Giocare a nascondino
Il progetto ha inoltre dimostrato che lo stile di vita intracellulare del batterio si ripercuote in modo drastico sull’accumulo e l’efficacia degli antibiotici. «Alcuni batteri impiegano le cellule ospiti per giocare a nascondino con le molecole degli antibiotici e alcune nicchie intracellulari forniscono un nascondiglio migliore di altre. Queste osservazioni spostano la base della chemioterapia dell’infezione intracellulare», nota Gutierrez. Le scoperte sono state rese possibili da innovative tecniche di imaging che combinano la microscopia a fluorescenza ad alto contenuto con un approccio di recente sviluppo chiamato microscopia correlativa ottica, elettronica e ionica (Correlative Light, Electron, and Ion Microscopy, CLEIM). Esse hanno consentito ai ricercatori di identificare la distribuzione e l’accumulo dei farmaci con una risoluzione sub-micrometrica. Gli scienziati hanno inoltre sviluppato una piattaforma di imaging doppio per visualizzare e monitorare le cellule infette in un laboratorio con un livello di biosicurezza 3.
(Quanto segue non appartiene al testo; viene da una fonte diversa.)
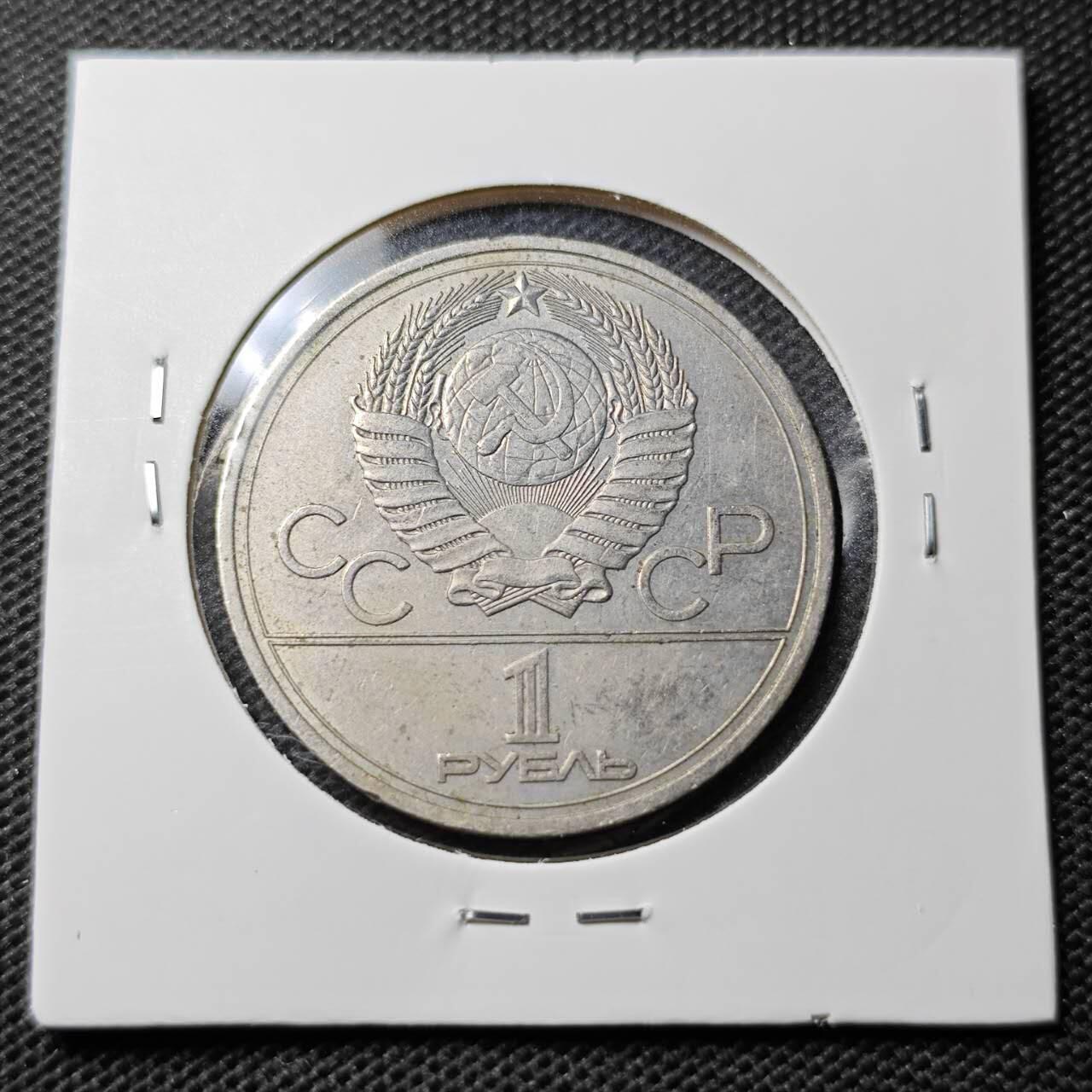 KK钱币收藏小铺 第354场 2月预留时间 周末发货  苏联1卢布纪念币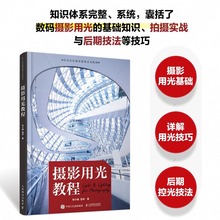 摄影用光教程 入门自学摄影用光技巧基础教程后期控光技法 理论讲解实操数码自然光人像摄影风景花卉美食棚拍人造光布光摄影书籍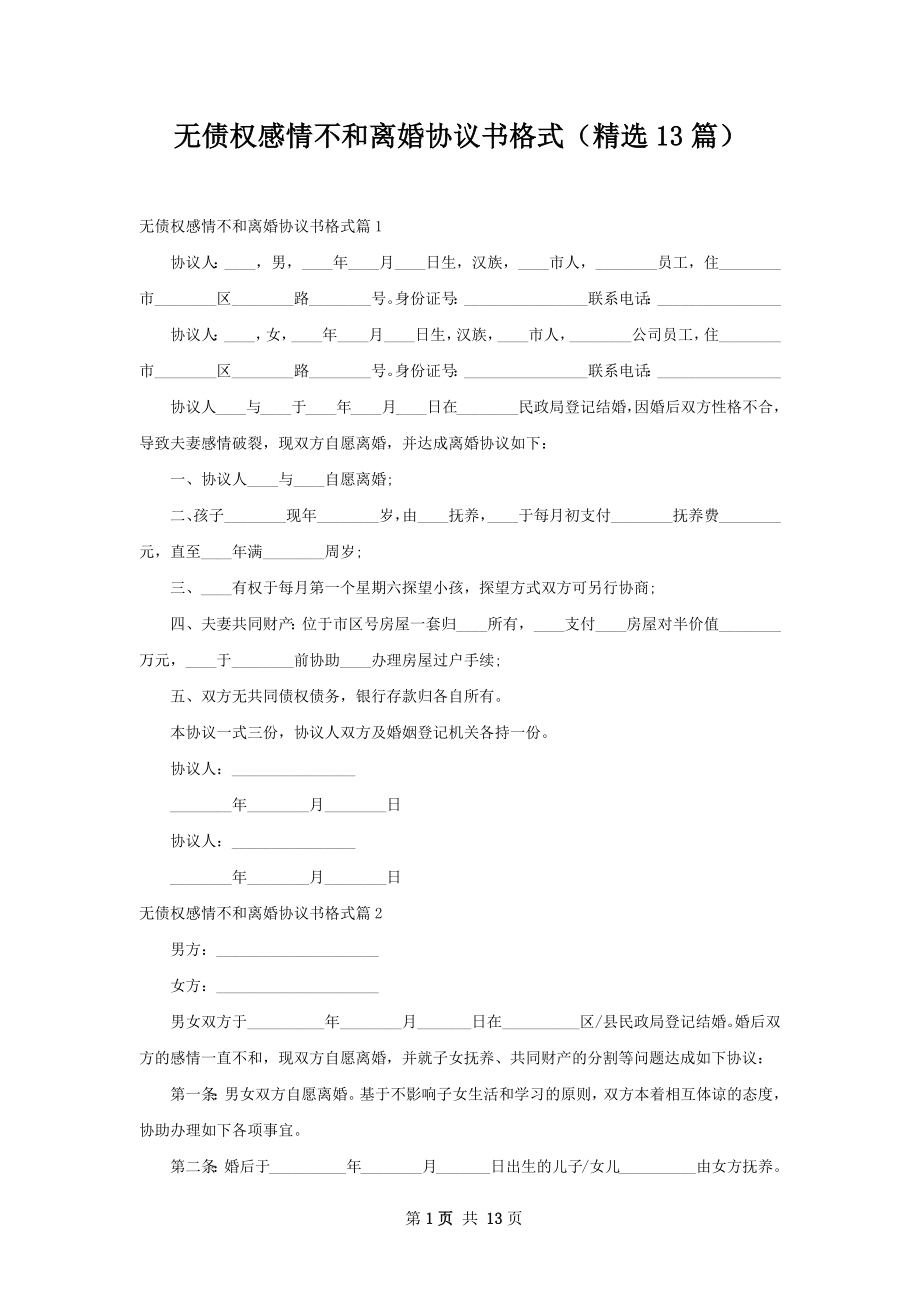 无债权感情不和离婚协议书格式（精选13篇）.docx_第1页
Uno sforzo congiunto per affrontare la tubercolosi
Santucci ritiene che gli approcci e i concetti generati dal progetto potrebbero essere applicabili a molteplici farmaci anti-TBC. «Nel loro insieme, queste nuove informazioni potrebbero condurre a nuove teorie scientifiche che possono essere verificate a livello sperimentale al fine di sviluppare nuovi regimi farmacologici e, in definitiva, andare a beneficio dei pazienti.» In futuro, Santucci e i suoi colleghi intendono esaminare ulteriormente la modalità di azione del Pirazinamide e quella di altri farmaci anti-TBC. I risultati del progetto potrebbero inoltre essere applicabili al trattamento di altri patogeni intracellulari. Il team auspica pertanto di indagare sul modo in cui altri patogeni polmonari batterici rispondono ai trattamenti antibiotici in diverse nicchie subcellulari. I ricercatori chiedono uno sforzo congiunto da parte dei responsabili delle politiche, degli accademici e delle aziende farmaceutiche al fine di sviluppare nuovi strumenti per la diagnosi, la prevenzione e il trattamento della TBC. «La pandemia di COVID-19 ha dimostrato che finanziamenti e un sostegno massicci ai canali di ricerca e sviluppo possono condurre a scoperte scientifiche che cambiano le vite dei pazienti», osserva Santucci. «La TBC è stata finora per lo più sottofinanziata e necessita urgentemente di questo forte coinvolgimento per essere eliminata nel corso dei prossimi decenni.»